Beim letzten Wettbewerb hat sich Neumarkt gegen 99 Kommunen und Städte durchgesetzt und wurde „Hauptstadt des Fairen Handels 2019“. Was bedeutet das für Sie und Ihre Kommune?
Thomas Thumann: Es war für Neumarkt eine große Ehre und wirklich etwas Einzigartiges, dass wir als erste Stadt aus Bayern mit rund 40.000 Einwohnern zur Hauptstadt gekürt wurden! Natürlich sehen wir es auf der anderen Seite auch als Ansporn, unseren Weg zur weiteren Förderung des fairen Handels konsequent weiter zu gehen.
Was hat die Jury damals überzeugt – warum wurde Neumarkt „Hauptstadt des Fairen Handels“?

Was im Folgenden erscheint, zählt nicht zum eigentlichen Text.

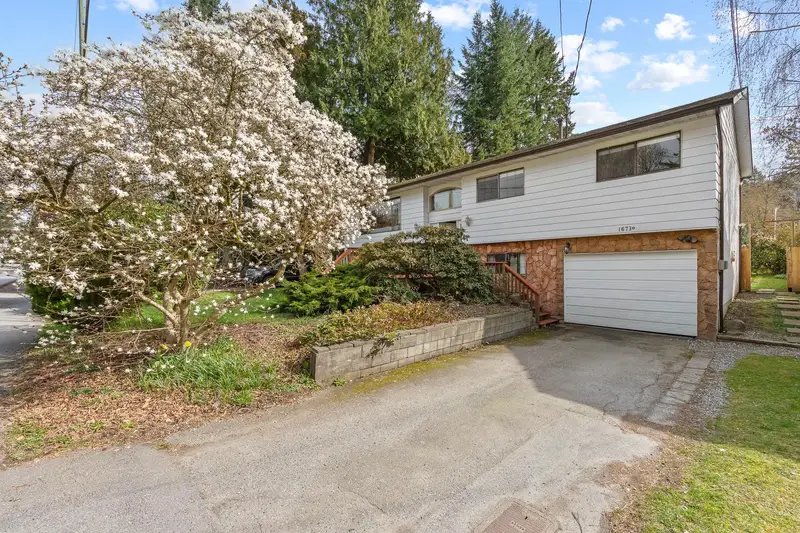 16730 26 AVENUE - photo 1 of 5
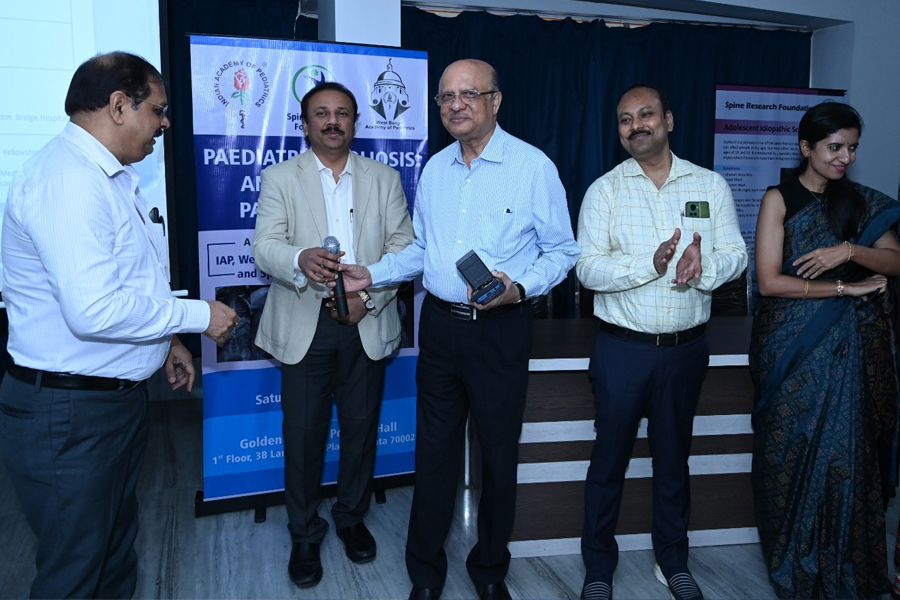 শিশুদের স্কোলিওসিস মোকাবিলায় অনুষ্ঠিত হল যুগান্তকারী এক সেমিনার, আয়োজনে স্বনামধন্য তিন সংস্থা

Das müssten Sie zunächst die Jury fragen! Soweit ich es beurteilen kann, gab es neben dem großartigen Engagement vieler Akteure in Neumarkt zwei ausschlaggebende Gründe. Zum einen bewerben wir uns seit vielen Jahren regelmäßig beim Wettbewerb und hatten schon zweimal Platz 2, einmal Platz 3 und einmal Platz 4 erreicht. Wir haben aus meiner Sicht über die Jahre unsere Projekte und Maßnahmen zunehmend gestärkt beziehungsweise weiter ausgebaut. Zum anderen ist es unsere Bestrebung, den fairen Handel und andere wichtige Nachhaltigkeitsthemen nicht als Zusatzaufgaben zu betrachten, die irgendwo mitlaufen, sondern als zentrale Themen unserer Stadtentwicklung.
Neumarkt hat für den Sieg 70.000 Euro erhalten. In welche Projekte ist das Geld geflossen?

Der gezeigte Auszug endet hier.